My father was in Sicily before the invasion, as he was at Montecassino before the assaults began. He was in Yugoslavia working with the Tito partisans and in Greece. He ended the war on the Po near Comacchio near Ferrara in Italy.

The specialty of the little group he was in was infiltrating and booby trapping German facilities including toilet blocks. He survived virtually unhurt except for he bit part of his tongue off in a battle, he finished the war with a handful of others of the 30 that had initially been deployed together.

He absolutely hated the war, and it wasn't until months before his death at 82 that he wrote and spoke about it. His family in Cheltenham was bombed out 3 times.

Not good.

I'm proud of him.

Posted by
13934 posts

Oh Nigel...what a story! I'm proud of him too.

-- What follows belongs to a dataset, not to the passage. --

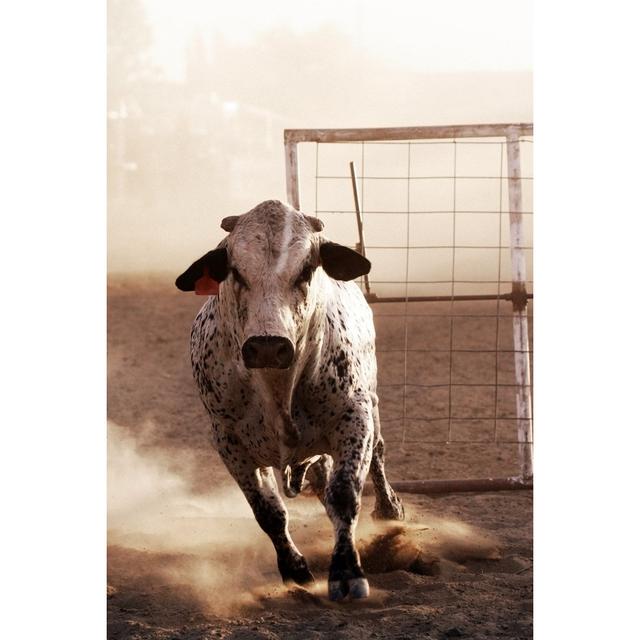 Angry Bull at Rodeo by Alptraum - Wrapped Canvas Photograph August Grove Size: 45.72cm H x 30.48cm W on Productcaster.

I think many of those that fought in WWII just did not talk. It was only when my brother and I were taking turns taking our elderly Dad to his WWII pilot reunions that he finally started talking about his experiences (and his buddies talked to US about HIM, lol!!). Listening to him with his squadron-mates was an experience. Hard to imagine those frail old gentlemen as hot-shot P47 pilots! There are only a few still living from his group, one of whom just turned 100.

Posted by
2712 posts

Really interesting story about your father, Nigel. No wonder you are proud of him. We owe him and all those who fought in WWII so much.

Posted by
5678 posts

Wow, thank you Nigel. That is the real story. When I stopped at the memorial many years I was struck by the countryside. I had been to Scotland when I read all those WWII historical novels, but it wasn't until the 90s that I travel with a car. Standing there and looking around at Ben Nevis and the surrounding countryside, I felt so grateful for their efforts. When I read the historical novels I was scarfing up every book I could find on Scotland. The monument made the connection from fiction to reality for me.

Pam

Posted by
255 posts

Scotland and it’s people were not only heroes in WW2 but WW1 as well. In 1918, two American war ships sank off the coast of Islay in the Inner Hebrides, The Tuscania was torpedoed by a German submarine. The Otranto collided with another ship and sank during a storm.
The Museuem of Islay Life shares the story of how this small island community rescued hundreds of American sailors from the wreckages. Many did not survive. Their recovered bodies, many unrecognizable after being battered by the sea and rocks, fills 83 pages of a handwritten notebook of the constable of Bowmore to help identify the bodies. You can see at the museum. It’s a poignant and heroic story how a tiny community of civilians risked their lives to not only rescue but feed, nurse and shelter our soldiers until help could arrive.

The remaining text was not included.